MATERIAL PROVIDED -
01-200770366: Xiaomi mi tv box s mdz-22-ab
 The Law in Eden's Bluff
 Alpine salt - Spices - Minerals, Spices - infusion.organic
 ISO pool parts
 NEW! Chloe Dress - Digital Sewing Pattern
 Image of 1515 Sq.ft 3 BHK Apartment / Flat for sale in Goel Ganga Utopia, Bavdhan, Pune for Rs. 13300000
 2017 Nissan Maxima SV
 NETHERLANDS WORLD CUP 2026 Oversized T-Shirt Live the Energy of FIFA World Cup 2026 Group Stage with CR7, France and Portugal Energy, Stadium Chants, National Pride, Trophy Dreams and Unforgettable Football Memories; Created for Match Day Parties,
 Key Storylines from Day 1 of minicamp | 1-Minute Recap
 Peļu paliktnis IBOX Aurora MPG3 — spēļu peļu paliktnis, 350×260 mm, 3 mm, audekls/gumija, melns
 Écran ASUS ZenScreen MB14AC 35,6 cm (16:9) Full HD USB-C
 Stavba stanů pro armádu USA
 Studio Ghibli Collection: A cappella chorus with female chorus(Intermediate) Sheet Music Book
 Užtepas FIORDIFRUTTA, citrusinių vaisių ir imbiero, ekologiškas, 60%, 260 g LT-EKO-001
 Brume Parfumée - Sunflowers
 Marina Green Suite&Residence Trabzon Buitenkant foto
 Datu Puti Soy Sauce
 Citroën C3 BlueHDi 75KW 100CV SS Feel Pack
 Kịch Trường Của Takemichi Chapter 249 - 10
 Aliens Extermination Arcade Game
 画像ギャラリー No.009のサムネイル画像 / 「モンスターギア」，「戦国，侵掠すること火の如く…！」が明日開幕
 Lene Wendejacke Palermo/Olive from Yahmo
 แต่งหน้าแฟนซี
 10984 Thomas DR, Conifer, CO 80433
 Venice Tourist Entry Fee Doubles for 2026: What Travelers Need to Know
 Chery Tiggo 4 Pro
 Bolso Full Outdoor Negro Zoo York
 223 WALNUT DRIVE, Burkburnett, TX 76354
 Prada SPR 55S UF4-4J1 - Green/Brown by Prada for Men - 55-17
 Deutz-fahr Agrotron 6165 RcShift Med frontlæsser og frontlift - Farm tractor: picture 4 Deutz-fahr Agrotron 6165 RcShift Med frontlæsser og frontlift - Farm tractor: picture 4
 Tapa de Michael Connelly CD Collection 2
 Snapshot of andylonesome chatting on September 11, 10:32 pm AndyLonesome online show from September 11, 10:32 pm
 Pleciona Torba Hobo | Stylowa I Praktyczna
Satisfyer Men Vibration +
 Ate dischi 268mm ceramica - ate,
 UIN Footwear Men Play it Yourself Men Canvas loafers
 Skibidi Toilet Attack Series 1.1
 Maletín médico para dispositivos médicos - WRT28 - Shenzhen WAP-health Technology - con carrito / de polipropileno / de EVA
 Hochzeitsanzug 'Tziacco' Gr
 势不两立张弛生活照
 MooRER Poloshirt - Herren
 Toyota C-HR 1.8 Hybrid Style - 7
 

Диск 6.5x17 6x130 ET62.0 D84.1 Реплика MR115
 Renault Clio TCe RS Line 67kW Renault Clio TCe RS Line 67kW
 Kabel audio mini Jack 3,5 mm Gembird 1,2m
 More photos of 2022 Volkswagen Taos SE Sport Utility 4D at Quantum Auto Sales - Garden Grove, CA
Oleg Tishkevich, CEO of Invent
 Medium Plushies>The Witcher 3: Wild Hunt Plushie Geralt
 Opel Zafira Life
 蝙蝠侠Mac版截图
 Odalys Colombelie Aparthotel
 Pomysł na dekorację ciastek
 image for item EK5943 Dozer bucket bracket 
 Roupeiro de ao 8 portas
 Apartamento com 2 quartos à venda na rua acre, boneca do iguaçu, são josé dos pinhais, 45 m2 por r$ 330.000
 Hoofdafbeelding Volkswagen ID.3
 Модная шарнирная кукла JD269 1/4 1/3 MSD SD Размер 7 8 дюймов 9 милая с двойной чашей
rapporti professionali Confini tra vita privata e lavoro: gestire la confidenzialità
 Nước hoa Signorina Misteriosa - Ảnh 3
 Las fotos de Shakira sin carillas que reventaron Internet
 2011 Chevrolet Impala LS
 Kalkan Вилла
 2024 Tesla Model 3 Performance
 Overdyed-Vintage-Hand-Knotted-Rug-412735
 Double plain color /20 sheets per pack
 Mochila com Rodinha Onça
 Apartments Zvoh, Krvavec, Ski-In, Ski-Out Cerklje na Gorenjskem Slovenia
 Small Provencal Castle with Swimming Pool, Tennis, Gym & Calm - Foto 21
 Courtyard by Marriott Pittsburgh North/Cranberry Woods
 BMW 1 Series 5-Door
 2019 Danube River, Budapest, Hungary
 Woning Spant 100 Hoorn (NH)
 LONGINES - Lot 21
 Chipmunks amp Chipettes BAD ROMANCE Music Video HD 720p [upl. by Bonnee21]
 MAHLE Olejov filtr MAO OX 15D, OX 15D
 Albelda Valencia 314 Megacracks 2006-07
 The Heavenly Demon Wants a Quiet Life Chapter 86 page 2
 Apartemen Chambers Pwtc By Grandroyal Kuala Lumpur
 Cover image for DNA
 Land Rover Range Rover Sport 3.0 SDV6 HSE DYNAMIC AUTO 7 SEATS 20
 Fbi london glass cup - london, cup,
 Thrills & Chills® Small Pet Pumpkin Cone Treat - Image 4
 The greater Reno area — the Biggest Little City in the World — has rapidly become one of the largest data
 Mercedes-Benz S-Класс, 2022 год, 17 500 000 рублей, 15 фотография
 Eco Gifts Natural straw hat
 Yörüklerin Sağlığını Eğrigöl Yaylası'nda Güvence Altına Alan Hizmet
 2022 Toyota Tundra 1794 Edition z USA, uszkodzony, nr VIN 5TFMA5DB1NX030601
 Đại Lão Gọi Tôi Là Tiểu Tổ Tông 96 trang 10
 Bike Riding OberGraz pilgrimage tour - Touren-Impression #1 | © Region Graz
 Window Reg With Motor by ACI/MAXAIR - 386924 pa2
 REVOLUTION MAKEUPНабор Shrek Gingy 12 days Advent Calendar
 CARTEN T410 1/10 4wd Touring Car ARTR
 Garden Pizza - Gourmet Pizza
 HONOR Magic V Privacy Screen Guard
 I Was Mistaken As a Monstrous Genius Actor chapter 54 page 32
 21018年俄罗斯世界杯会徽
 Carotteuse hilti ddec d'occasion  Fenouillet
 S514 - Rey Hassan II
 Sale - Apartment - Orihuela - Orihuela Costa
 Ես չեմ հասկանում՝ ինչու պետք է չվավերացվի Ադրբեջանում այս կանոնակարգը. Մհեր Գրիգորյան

AIM OF THE TASK -
From the first line of the listing above to the line that contains "Datu Puti Soy Sauce", inclusive, restate every line word for word. Nothing else belongs in the answer.

OUTPUT -
01-200770366: Xiaomi mi tv box s mdz-22-ab
 The Law in Eden's Bluff
 Alpine salt - Spices - Minerals, Spices - infusion.organic
 ISO pool parts
 NEW! Chloe Dress - Digital Sewing Pattern
 Image of 1515 Sq.ft 3 BHK Apartment / Flat for sale in Goel Ganga Utopia, Bavdhan, Pune for Rs. 13300000
 2017 Nissan Maxima SV
 NETHERLANDS WORLD CUP 2026 Oversized T-Shirt Live the Energy of FIFA World Cup 2026 Group Stage with CR7, France and Portugal Energy, Stadium Chants, National Pride, Trophy Dreams and Unforgettable Football Memories; Created for Match Day Parties,
 Key Storylines from Day 1 of minicamp | 1-Minute Recap
 Peļu paliktnis IBOX Aurora MPG3 — spēļu peļu paliktnis, 350×260 mm, 3 mm, audekls/gumija, melns
 Écran ASUS ZenScreen MB14AC 35,6 cm (16:9) Full HD USB-C
 Stavba stanů pro armádu USA
 Studio Ghibli Collection: A cappella chorus with female chorus(Intermediate) Sheet Music Book
 Užtepas FIORDIFRUTTA, citrusinių vaisių ir imbiero, ekologiškas, 60%, 260 g LT-EKO-001
 Brume Parfumée - Sunflowers
 Marina Green Suite&Residence Trabzon Buitenkant foto
 Datu Puti Soy Sauce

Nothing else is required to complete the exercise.